Pyspark write parquet : Implementation in steps

Pyspark write parquet is very common functionality for writing big size pyspark data frame using (spark.write.parquet(“path”)) function. In this article we will see the implementation with self explainable example.

pyspark write parquet : ( Syntax) –

Lets see the one liner syntax for this function.

spark_dataframe.write.parquet("PathToSample.parquet") 

Here spark_dataframe is the final dataframe that you want to write as parquet file. PathToSample – path where we need to generate the parquet file.

 

Writing parquet file from spark dataframe –

Lets do this in steps. In the first step we will import necessary library and create objects etc. The second step will create sample pyspark dataframe.

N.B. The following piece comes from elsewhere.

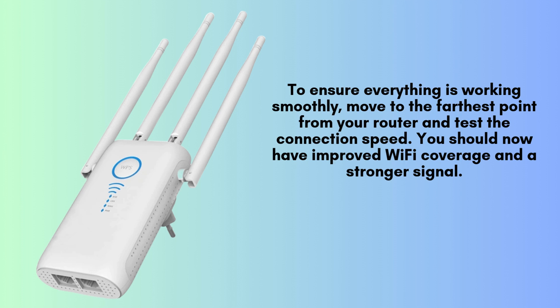To confirm everything is functioning properly, move to the farthest area from your router where the Wi-Fi signal was previously weak. Test the connection speed and overall performance. You should notice significantly improved Wi-Fi coverage with a stronger, more reliable signal throughout your space.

In the third step, we will write this sample dataframe into parquet file which is the final outcome for this article.

Step 1 : Importing packages –

Only these two packages are important for writing sample data frame to parquet file.

import pyspark
from pyspark.sql import SparkSession

Step 2 : sample dataframe –

I will create some sample data and columns and then convert the same to pyspark dataframe using the below code.

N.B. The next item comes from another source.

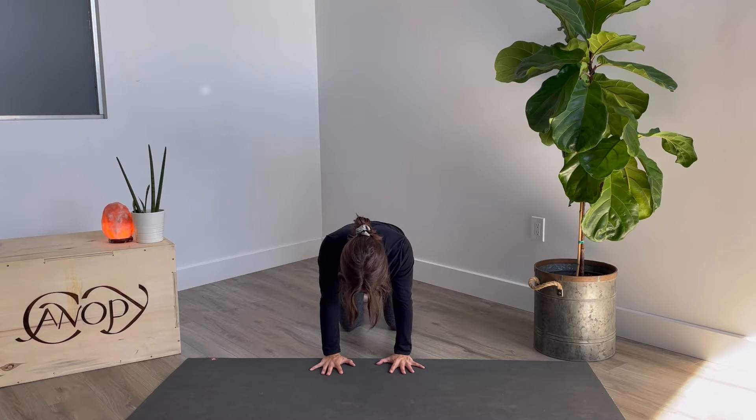Scapula push-ups. Shoulders over top of the wrists, hips over top of the knees. You're going to sink the chest towards the ground without bending at the elbows, and you'll retract or bring the shoulder blades as if they could squeeze together towards the spine.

records = [(1,"Mac","2018","10",30000), 
    (2,"Piyu","2010","20",40000), 
    (3,"Jack","2010","10",40000), 
    (4,"Charlee","2005","60",35000), 
    (5,"Guo","2010","40",38000)]
record_Columns = ["seq","Name","joining_year", "specialization_id","salary"]
sampleDF = spark.createDataFrame(data=records, schema = record_Columns)
sampleDF.show(truncate=False)

Step 3: Writing dataframe into parquet format-

Here we need to write one line and here we go –

sampleDF.write.parquet("sample_example.parquet")
pyspark write parquet output
pyspark write parquet output

 Full code together –

Here we have merge the code from above three steps.

import pyspark
from pyspark.sql import SparkSession
records = [(1,"Mac","2018","10",30000), 
    (2,"Piyu","2010","20",40000), 
    (3,"Jack","2010","10",40000), 
    (4,"Charlee","2005","60",35000), 
    (5,"Guo","2010","40",38000)]
record_Columns = ["seq","Name","joining_year", "specialization_id","salary"]
sampleDF = spark.createDataFrame(data=records, schema = record_Columns)
sampleDF.show(truncate=False)
sampleDF.write.parquet("sample_example.parquet")

Basically this simple example is enough to understand the syntax and procedure to write spark dataframe into parquet file format. This parquet format is very popular because its speed up in general filtering or conditioning in tabular format data. Specially it is much better than larger size CSV file format.

I hope you must like this article. Please subscribe us for similar more articles on Pyspark and Data Science. Please reach out us if you need any article on some specific topic in the same domain. Our team will surely assist you for the same. You may also comment here for the same.

Thanks
Data Science Learner Team

Join our list

Subscribe to our mailing list and get interesting stuff and updates to your email inbox.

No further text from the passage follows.